Kingsport City Schools had the most worker’s compensation expenditures in 2012 with 41 percent of the claims classified as slips, trips and falls.

Minor accidents reported over the past four months include a number of slips and falls, injured shoulders, a possible hernia, a couple of popped knees and a severe reaction to poison ivy. One employee walked through a signed recently mopped area, slipped and fell and fractured an ankle.

No claims were reported in February and less than half of the claims filed in the last four months have resulted in restricted duty or lost time. But what drew the attention of the BMA last week was the March report which showed four injuries in the school system — two involved employees standing on desks and hitting their head while another while another suffered a torn tendon in their shoulder after breaking up a fight between two girls.
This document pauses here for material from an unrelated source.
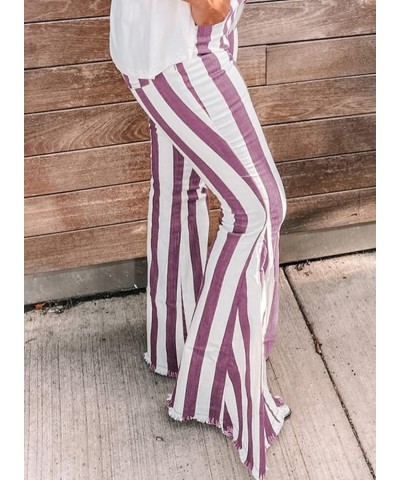 Womens Striped Bell Bottom Jeans Raw Hem Flared Denim Pants Purple $18.40 Jeans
“Three or four (of these claims) should never have happened,” said Alderman Mike McIntire. “We’re spending $1.25 million a year on worker’s comp claims and it’s just a matter of people having the right mind-set. You’ve got to work at it.”

Campbell said the recently injured employees have been counseled on their actions.

Alderman Tom Segelhorst, the human resources director at Domtar, said there needs to be some accountability in these instances.

Mayor Dennis Phillips suggested there should be a penalty for those employees who don’t follow proper safety protocols, maybe a two- or three-day suspension. A short time later, however, he said a penalty probably should not be incurred the first time an accident happens.